Records from a dataset:
● ● ● ●

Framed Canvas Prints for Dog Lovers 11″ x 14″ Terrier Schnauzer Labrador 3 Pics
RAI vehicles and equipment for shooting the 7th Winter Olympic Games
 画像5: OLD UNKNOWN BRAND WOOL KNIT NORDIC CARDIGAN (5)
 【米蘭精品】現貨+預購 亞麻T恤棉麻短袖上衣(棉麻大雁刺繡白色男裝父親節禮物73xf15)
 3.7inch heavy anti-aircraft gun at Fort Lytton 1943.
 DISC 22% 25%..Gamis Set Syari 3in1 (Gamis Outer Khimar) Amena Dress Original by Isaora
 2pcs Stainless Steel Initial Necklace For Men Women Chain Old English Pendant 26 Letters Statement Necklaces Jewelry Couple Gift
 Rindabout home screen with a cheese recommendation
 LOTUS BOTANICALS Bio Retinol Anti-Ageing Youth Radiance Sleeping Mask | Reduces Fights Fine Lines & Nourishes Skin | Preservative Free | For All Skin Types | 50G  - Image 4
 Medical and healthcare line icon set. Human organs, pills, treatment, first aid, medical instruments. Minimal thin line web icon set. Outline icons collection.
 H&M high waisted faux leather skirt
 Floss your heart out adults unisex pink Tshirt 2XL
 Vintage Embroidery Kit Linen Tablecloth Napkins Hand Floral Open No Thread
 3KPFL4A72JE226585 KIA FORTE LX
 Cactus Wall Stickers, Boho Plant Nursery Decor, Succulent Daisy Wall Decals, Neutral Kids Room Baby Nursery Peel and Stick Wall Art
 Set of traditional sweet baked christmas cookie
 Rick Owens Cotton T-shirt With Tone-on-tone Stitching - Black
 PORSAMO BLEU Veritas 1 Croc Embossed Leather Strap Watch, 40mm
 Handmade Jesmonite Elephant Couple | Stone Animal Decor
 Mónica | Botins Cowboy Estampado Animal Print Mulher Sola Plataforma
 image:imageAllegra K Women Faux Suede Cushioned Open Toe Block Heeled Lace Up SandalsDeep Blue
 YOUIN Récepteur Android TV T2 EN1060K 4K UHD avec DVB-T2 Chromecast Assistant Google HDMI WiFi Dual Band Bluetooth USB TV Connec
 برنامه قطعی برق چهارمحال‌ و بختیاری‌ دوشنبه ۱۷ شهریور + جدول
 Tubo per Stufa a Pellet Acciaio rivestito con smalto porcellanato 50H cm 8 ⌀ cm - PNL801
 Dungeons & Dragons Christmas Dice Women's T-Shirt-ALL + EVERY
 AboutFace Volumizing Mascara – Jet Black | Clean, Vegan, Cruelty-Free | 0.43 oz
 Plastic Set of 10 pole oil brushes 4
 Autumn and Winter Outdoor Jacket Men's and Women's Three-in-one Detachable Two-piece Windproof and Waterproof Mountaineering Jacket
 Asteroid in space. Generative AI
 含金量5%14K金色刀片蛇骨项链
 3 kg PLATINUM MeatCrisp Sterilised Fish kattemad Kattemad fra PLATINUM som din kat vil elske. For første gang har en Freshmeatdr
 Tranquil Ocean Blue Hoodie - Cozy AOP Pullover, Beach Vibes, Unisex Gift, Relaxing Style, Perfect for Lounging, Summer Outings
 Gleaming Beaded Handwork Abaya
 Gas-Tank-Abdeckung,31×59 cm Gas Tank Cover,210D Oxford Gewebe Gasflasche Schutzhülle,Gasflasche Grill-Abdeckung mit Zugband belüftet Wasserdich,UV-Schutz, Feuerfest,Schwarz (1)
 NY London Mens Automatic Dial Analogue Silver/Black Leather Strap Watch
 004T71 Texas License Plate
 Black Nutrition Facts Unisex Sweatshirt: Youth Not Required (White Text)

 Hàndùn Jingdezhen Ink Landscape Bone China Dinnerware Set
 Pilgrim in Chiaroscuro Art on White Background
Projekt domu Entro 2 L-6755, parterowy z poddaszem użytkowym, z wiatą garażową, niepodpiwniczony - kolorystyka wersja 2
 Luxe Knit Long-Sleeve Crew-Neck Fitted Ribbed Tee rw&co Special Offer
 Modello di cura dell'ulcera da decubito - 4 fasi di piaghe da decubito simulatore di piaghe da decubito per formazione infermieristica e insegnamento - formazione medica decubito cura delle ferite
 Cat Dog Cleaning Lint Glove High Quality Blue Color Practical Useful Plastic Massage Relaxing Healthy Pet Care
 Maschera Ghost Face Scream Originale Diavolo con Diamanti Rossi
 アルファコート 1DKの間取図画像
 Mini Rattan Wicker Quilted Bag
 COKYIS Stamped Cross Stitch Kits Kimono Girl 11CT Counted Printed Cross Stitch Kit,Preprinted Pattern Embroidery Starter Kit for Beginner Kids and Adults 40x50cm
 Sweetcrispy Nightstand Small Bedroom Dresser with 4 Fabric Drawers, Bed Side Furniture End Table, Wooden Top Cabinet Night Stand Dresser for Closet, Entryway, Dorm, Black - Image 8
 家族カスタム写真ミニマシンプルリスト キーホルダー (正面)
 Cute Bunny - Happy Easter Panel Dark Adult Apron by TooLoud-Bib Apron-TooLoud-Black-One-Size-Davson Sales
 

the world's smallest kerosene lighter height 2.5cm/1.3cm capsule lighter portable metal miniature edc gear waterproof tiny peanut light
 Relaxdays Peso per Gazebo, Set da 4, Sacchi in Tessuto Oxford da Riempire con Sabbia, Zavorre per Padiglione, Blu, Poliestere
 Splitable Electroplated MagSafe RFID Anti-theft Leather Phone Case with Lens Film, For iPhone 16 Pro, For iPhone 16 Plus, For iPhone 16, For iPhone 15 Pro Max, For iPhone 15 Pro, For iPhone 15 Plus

● ● ● ●

» **Task details**
From the records above, repeat exactly the lines from the one with "Modello di cura" through the one with "Cute Bunny - Happy", both included.

» **Written solution**
 Modello di cura dell'ulcera da decubito - 4 fasi di piaghe da decubito simulatore di piaghe da decubito per formazione infermieristica e insegnamento - formazione medica decubito cura delle ferite
 Cat Dog Cleaning Lint Glove High Quality Blue Color Practical Useful Plastic Massage Relaxing Healthy Pet Care
 Maschera Ghost Face Scream Originale Diavolo con Diamanti Rossi
 アルファコート 1DKの間取図画像
 Mini Rattan Wicker Quilted Bag
 COKYIS Stamped Cross Stitch Kits Kimono Girl 11CT Counted Printed Cross Stitch Kit,Preprinted Pattern Embroidery Starter Kit for Beginner Kids and Adults 40x50cm
 Sweetcrispy Nightstand Small Bedroom Dresser with 4 Fabric Drawers, Bed Side Furniture End Table, Wooden Top Cabinet Night Stand Dresser for Closet, Entryway, Dorm, Black - Image 8
 家族カスタム写真ミニマシンプルリスト キーホルダー (正面)
 Cute Bunny - Happy Easter Panel Dark Adult Apron by TooLoud-Bib Apron-TooLoud-Black-One-Size-Davson Sales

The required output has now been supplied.